(Saved entries)
• • • • • • •
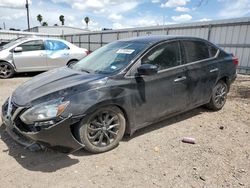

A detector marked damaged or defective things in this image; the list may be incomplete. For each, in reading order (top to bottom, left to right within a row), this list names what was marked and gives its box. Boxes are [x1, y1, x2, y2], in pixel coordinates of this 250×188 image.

dented hood [11, 67, 107, 106]
damaged black car [1, 35, 236, 153]
damaged front bumper [0, 101, 85, 153]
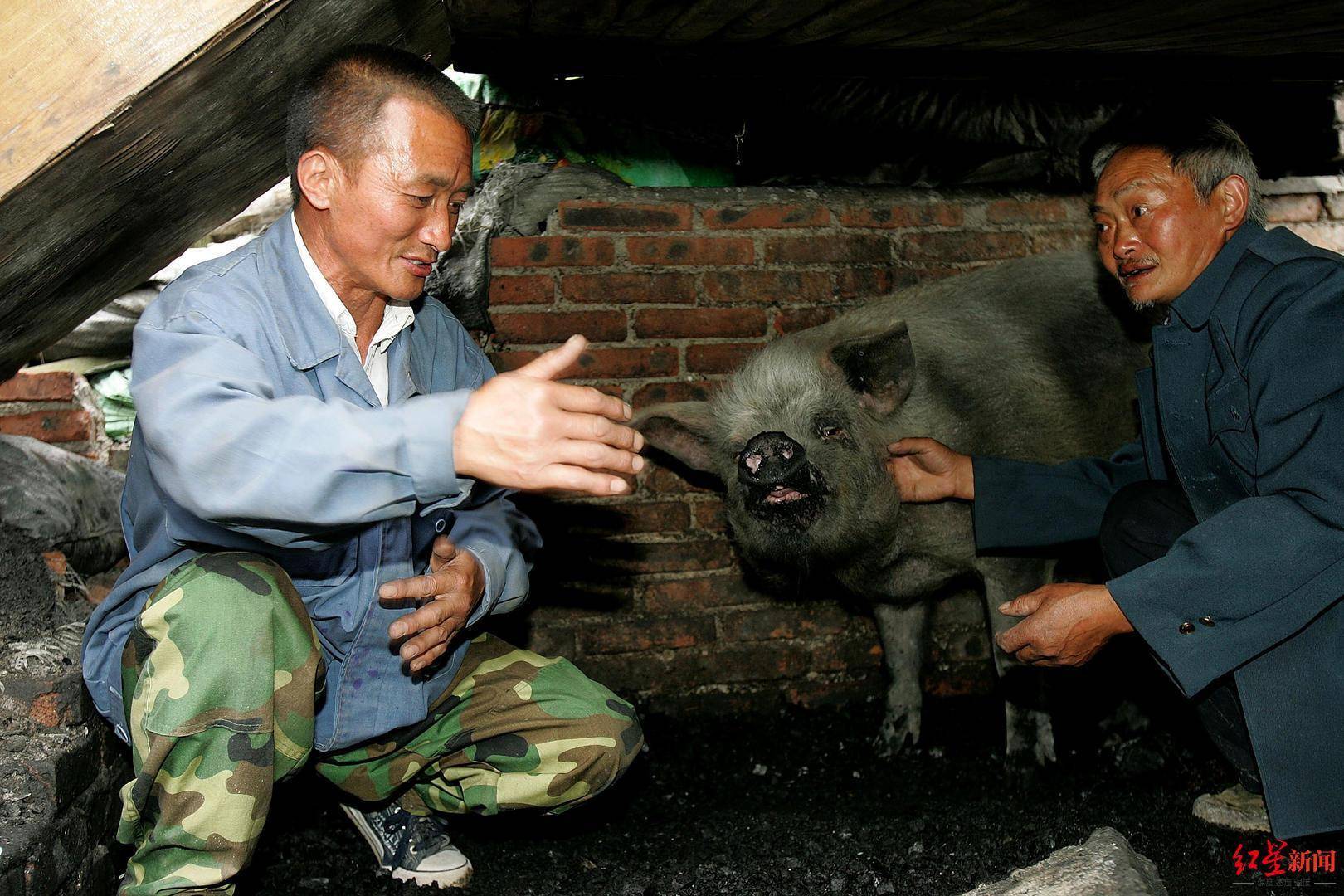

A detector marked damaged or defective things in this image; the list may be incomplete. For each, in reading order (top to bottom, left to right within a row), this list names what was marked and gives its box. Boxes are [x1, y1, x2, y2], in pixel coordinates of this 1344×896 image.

broken concrete slab [962, 827, 1171, 896]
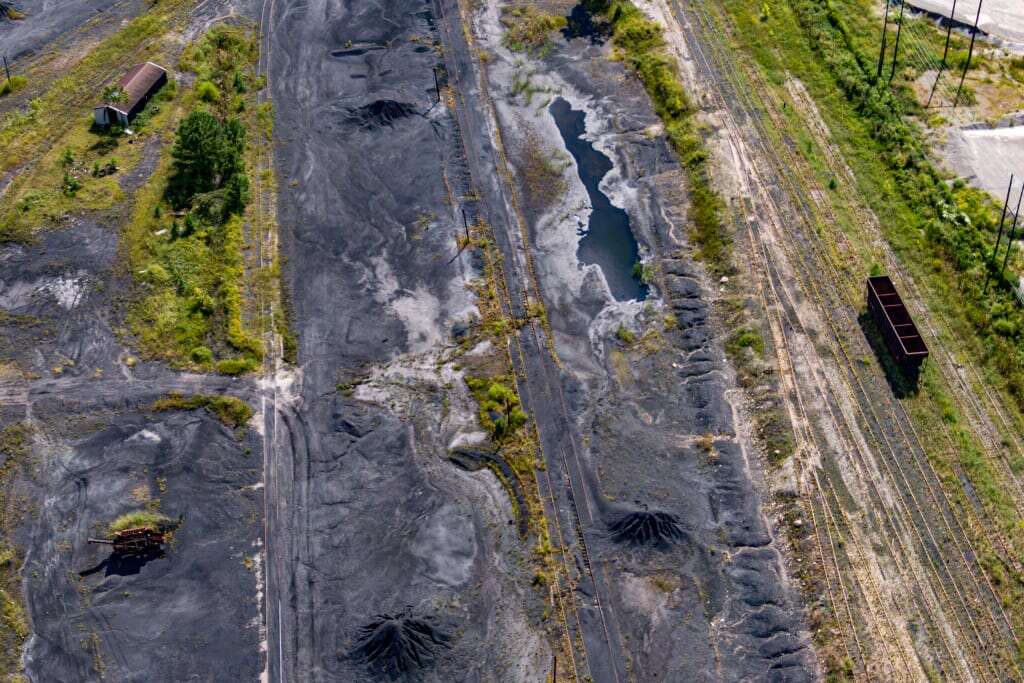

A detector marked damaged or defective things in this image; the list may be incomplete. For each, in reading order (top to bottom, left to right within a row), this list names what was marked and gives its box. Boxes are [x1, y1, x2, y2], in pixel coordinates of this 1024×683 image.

rusty equipment [864, 276, 928, 374]
rusty equipment [87, 528, 166, 560]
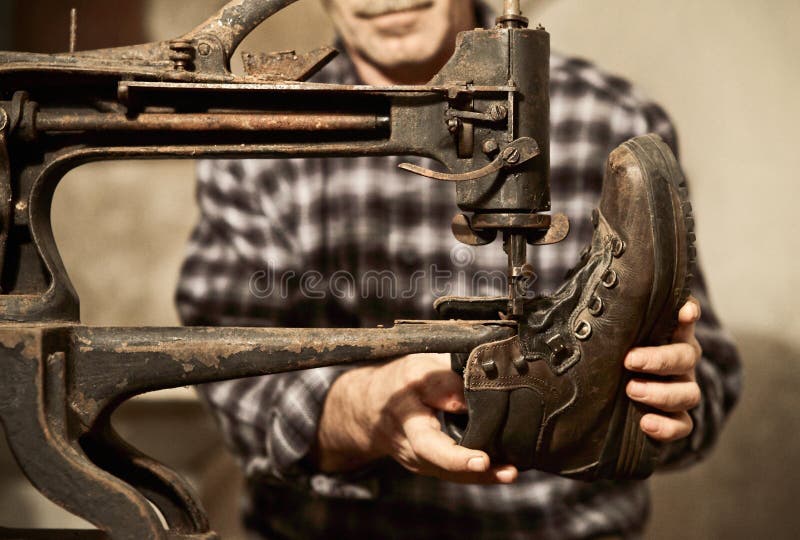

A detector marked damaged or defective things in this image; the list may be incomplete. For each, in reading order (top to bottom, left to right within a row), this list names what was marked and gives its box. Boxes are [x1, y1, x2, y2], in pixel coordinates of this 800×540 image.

rusty metal surface [0, 2, 556, 536]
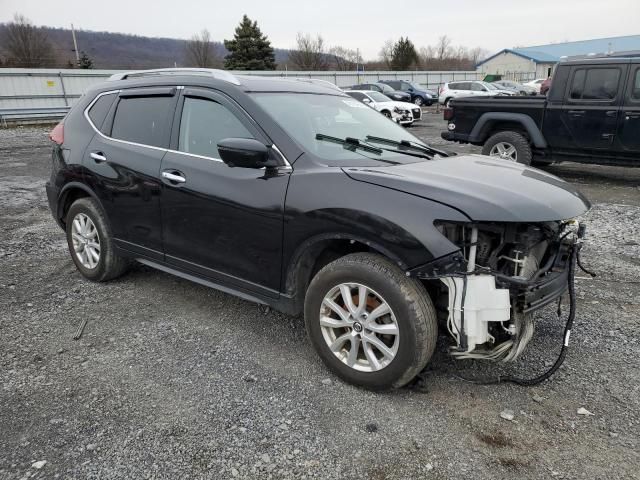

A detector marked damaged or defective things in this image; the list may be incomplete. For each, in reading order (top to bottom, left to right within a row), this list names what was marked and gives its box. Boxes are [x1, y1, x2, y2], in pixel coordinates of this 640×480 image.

front-end collision damage [410, 219, 584, 362]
• • • • • • •
WHAT TO PRODUCE: Write all the entries again word for word, minus the pictures.

RESPONSE TO THIS TASK:
A detector marked damaged or defective things in this image; the list may be incomplete. For each, in reading order (top to bottom, left to right within a row), this list names what was marked and gives its box. Boxes are [x1, y1, x2, y2], in pixel coordinates of this 250×188 image.

dented hood [11, 67, 107, 106]
damaged black car [1, 35, 236, 153]
damaged front bumper [0, 101, 85, 153]

A detector marked damaged or defective things in this image; the list may be incomplete. For each, in reading order (top to bottom, left to right within a row), this list names what was marked and gives its box. Boxes are [x1, y1, x2, y2], in pixel coordinates of this 1344×896 image.

broken concrete slab [962, 827, 1171, 896]

A detector marked damaged or defective things in this image; the list may be incomplete. For each, in reading order (top to bottom, left to right within a row), this list names what was marked and gives its box. Boxes are [x1, y1, x2, y2], in pixel coordinates of this 1024×683 image.

rusty equipment [864, 276, 928, 374]
rusty equipment [87, 528, 166, 560]

A detector marked damaged or defective things in this image; the list may be incomplete. For each, in reading order (top to bottom, left to right within a row), this list names what was marked and gives its box. Boxes are [x1, y1, x2, y2], in pixel coordinates of this 800×540 image.

rusty metal surface [0, 2, 556, 536]

A detector marked damaged or defective things in this image; the list may be incomplete. For each, in reading order (top to bottom, left to right within a row), this list names what was marked and gives its box. Boxes are [x1, y1, x2, y2], in pixel coordinates of this 640×480 image.

front-end collision damage [410, 219, 584, 362]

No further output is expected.